#### Speed of Sound Lab

1. Set up a data table to record your observations for this Speed of Sound lab:

Data Table:

Tuning fork frequency, Hz f(printed on the fork)

Length, L water level to top of tube

Diameter of tube, d

$\lambda = 4(L + 0.3d)$

Experimental $v=f*\lambda$

Room Temperature, $T oC$

%error of the experimentally value

f L d $\lambda$ v T deg C Error

C261.6 Hz 0.317 m 0.053 m 1.331 m 348.4 m/s 23 0.3%

D293.7 Hz 0.277 m 0.053 m 1.171 m 344.1 m/s 23 0.3%

E329.6 Hz 0.247 m 0.053 m 1.050 m 346.1 m/s 23 0.25%

F349.2 Hz 0.228 m 0.053 m 0.976 m 340.9 m/s 23 1.25%

G392 Hz 0.203 m 0.053 m 0.875 m 343.2 m/s 23 0.6 %

A440 Hz 0.182 m 0.053 m 0.790 m 347.6 m/s 23 0.7 %

B493.9 Hz 0.157 m 0.053 m 0.691 m 341.7 m/s 23 1.0 %

C523.2 Hz 0.148 m 0.053 m 0.656 m 343.6 m/s 23 0.5 %

#### Questions

2. Fill a tall water glass with water.

3. Place the PVC tube into the water.

4. Hold a tuning fork by its handle and strike it against a wooden block or against the rubber heel of your shoe.

5. Hold the vibrating tuning fork so that the tines are horizontally aligned near the top of the tube, but not touching the tube.

6. With your other hand move the tube slowly up and down in the water until it resonates at the point of maximum sound intensity.

7. Immediately stop and measure the distance from the top of the resonance tube to the top of the water (L) and record it. This is approximately one quarter of the wavelength.

8. Measure the diameter of the resonance tube (d) and record.

9. The wavelength of sound is given by $\lambda = 4(L + 0.3d)$.

10. The frequency of the sound (f) is that of the tuning fork. Record it in your data table.

11. Use the thermometer to measure the room temperature and record. You will need this to calculate the actual speed of sound at that temperature.

Continue reading on the speed of sound…

#### Answers (Speed of Sound Lab)

1. Calculate the experimental speed of sound: $v = f*\lambda$

$\lambda = 4(L + 0.3d)$

$f$ = frequency of the tuning fork

2. Calculate the actual speed of sound:

$V(speed of sound) = 331.4 + 0.6*Tc m/s$

Temperature in Celsius degrees $Tc = 23$.

Theoretical speed of sound is

$V(speed of sound) =331.4+0.6*23 =345.2 m/s$

3. Calculate the percent error of your experimentally derived value:

% error = (experimental value – theoretical value) x 100/theoretical value

Question: Considering the length of your resonance tube, what is the lowest frequency tuning fork you could use for this experiment? Show your calculations!

Answer: The tube has a length of 0.350 m. Hence the longest wavelength of the sound in the tube can be $\lambda =4(0.35+0.3*0.053) =1.464 m$. The lowest theoretical frequency that can be measured is therefore $f =v/\lambda = 345.2/1.464 =235.8 Hz$

#### Results and Conclusion

Results: What were your results? What do they show/prove?

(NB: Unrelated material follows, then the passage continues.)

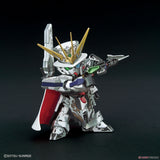 SDW Heroes Arsene Gundam X Model Kit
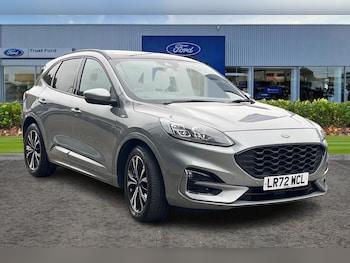 Used Ford Kuga 2022 for sale - 75581999: Photo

For the results see the above table. The estimate errors on the measured speed of the sound are between 0.25% and 1.25% which show that the method presented above to measure the speed of sound is quite accurate. It does not involve large errors and give a quite good value for the experimental speed of sound.

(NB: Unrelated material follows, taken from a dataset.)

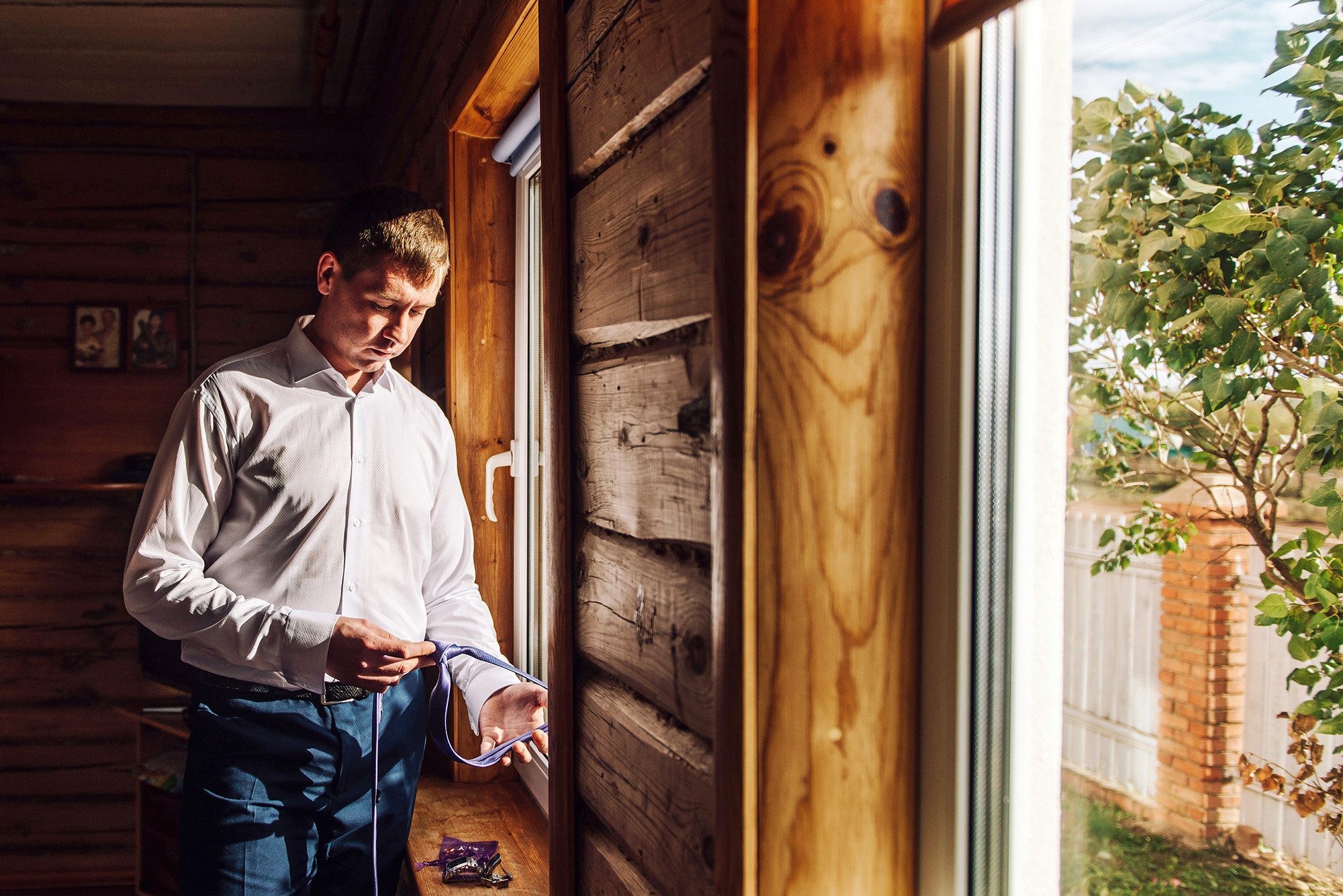 Александр и Юлия. Свадебный и семейный фотограф в Стерлитамаке, Салавате. Илья Антохин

Interpretation: What did this experiment show? Why is this lab important?

This experiment show that it is possible to measure the speed of the sound with a good precision by knowing the its frequency and by deducing its wavelength from resonance measurements.

Uncertainty in results: What were some of the uncertainties in the results?

The main uncertainty in the results comes from estimating the length of the resonant tube with respect to the position of the resonant fork.

#### Errors:

What kind of errors could there have been in the experiment? How could these have been prevented? Is there any way to prevent all of the errors?

The errors in the results (for speed of sound lab) are systematic. They come from the position of the resonant fork on the top of the tube (it must be centered and not touch the top of the tube, but not too high) and the second error is the practical measurement of the resonant length of the tube with respect to the water level which can be done at best with an estimated accuracy of 0.003 m. Of course other errors can be taken into account such that the error in measuring the room temperature which is at least 0.5 degree Celsius. All this errors could be reduced by measuring with greater precision the length of the resonant tube and the temperature in the room. There is no way to prevent all the measuring errors.